Hue, short for Hadoop User Experience, is the front-end interface and management console for an Amazon EMR cluster. It serves as a centralized tool for managing the cluster, including spinning up services, monitoring operational insights, and facilitating data movement between HDFS, EMRFS, and S3. Hue can integrate with IAM to ensure appropriate access control for users.
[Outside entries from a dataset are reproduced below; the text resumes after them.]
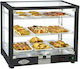 Roller Grill Heated Display Cabinet 1800W W78xD49xH64cm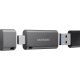 Samsung Duo Plus unità flash USB 64 GB USB tipo-C 3.2 Gen 1 (3.1 Gen 1) Nero, Grigio 7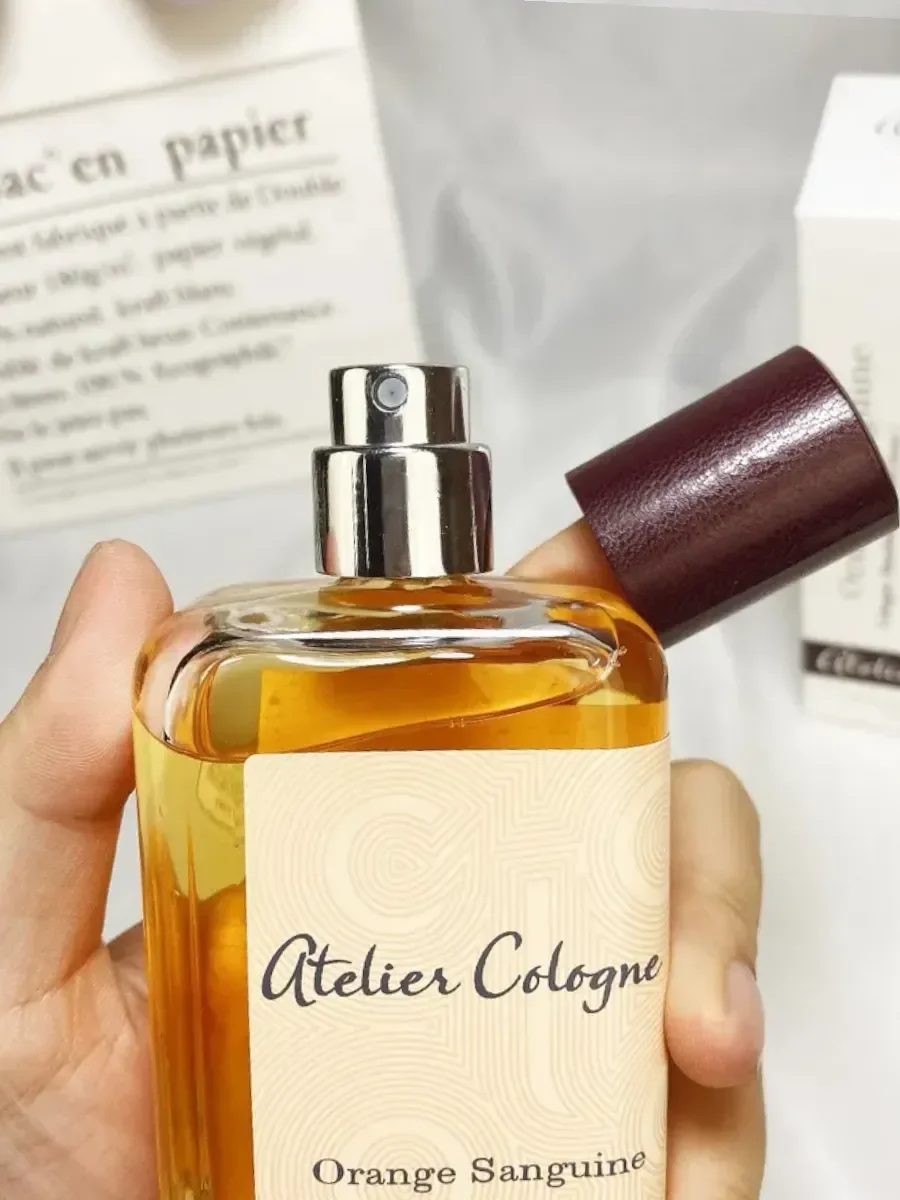 Духи Ателье Колон Orange Sanguine unisex 100 ml - миниатюра 5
While using Hue, it’s important to remember that it primarily functions as a management and monitoring tool for the EMR cluster, providing a front-end console for cluster operations.

77
Q

What is Splunk?

A
  1. Splunk is an operational tool used for monitoring and gaining insights into your Amazon EMR cluster.
  2. It continuously collects and indexes data to provide real-time information about the performance and activities of your cluster.
  3. Splunk can be deployed on EMR or set up as a separate cluster.
  4. Amazon offers public AMIs with Splunk Enterprise for easy deployment and monitoring of your EMR cluster.
  5. Splunk helps visualize and analyze data from EMR and S3 within your cluster.
  6. While Splunk may be mentioned in a list of technologies, its main purpose is to provide operational insights and should not be a distraction in the context of a question.
78
Q

What is Flume?

A
  1. Flume is a distributed and reliable service used for streaming data into your cluster, similar to Kinesis or Kafka.
  2. It is designed specifically for efficiently collecting, aggregating, and moving large amounts of log data.
  3. Flume operates based on the concept of sources, channels, and sinks.
  4. A source (such as a web server) provides events to Flume, which are then stored in one or more channels. Channels act as passive stores for events until they are consumed by a Flume sink.
  5. Sinks remove events from channels and place them in external repositories like HDFS or Hive.
  6. Examples of sinks include HDFS sink for writing events to HDFS and Hive sink for streaming events to Hive tables.
  7. Flume is used to stream log data from external sources into various destinations, such as HDFS, Hive, or HBase.
  8. Understanding Flume’s purpose as a log data streaming tool is important, and it may be presented as an alternative technology for streaming applications in an EMR cluster.
79
Q

What is MxNet

A
  1. MXNet is an alternative to TensorFlow and a library for building and accelerating neural networks.
  2. It is included in EMR and is considered the preferred framework for deep learning on EMR.
  3. For the purpose of the exam, it is not necessary to design neural networks.
  4. MXNet is a framework used for building distributed deep learning applications on an entire EMR cluster.